If it matches what we expect, then declare success and move on. If the
query fails then assume that the DB isn't set up yet. Start an exclusive
transaction, check the schema version again and then set up the DB if no
one raced in to create it in the meantime.

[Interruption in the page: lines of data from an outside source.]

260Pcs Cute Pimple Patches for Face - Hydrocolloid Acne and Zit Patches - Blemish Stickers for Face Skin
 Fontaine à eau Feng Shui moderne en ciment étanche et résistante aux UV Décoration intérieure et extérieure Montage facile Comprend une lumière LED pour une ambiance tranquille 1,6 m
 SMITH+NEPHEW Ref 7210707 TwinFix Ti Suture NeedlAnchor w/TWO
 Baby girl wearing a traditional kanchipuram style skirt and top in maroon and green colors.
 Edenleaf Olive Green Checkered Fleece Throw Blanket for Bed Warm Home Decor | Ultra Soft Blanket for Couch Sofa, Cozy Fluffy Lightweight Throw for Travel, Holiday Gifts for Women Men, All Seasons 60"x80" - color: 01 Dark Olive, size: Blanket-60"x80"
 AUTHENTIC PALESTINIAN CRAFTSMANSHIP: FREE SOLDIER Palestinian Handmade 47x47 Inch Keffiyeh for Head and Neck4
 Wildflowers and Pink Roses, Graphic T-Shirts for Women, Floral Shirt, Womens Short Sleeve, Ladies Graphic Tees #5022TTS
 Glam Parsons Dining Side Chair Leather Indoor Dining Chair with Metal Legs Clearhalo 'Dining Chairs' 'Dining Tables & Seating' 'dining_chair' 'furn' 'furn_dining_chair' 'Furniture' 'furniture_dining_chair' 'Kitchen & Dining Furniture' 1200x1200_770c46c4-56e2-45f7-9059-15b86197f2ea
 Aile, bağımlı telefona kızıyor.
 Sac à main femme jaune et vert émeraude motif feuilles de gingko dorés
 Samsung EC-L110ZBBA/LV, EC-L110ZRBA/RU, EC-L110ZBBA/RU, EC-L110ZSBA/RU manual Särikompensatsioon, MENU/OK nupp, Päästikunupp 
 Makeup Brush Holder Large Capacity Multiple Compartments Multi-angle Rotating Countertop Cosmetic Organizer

This should only add a tiny bit of overhead on most upcalls (just an
extra select of the parameters table), and should improve the
performance of the "init" upcall. It'll also make it possible to handle
DB schema changes sanely.

Signed-off-by: Jeff Layton <jlayton@primarydata.com>
---
 utils/nfsdcltrack/nfsdcltrack.c |   2 +-
 utils/nfsdcltrack/sqlite.c      | 225 +++++++++++++++++++++++++---------------
 utils/nfsdcltrack/sqlite.h      |   1 -
 3 files changed, 142 insertions(+), 86 deletions(-)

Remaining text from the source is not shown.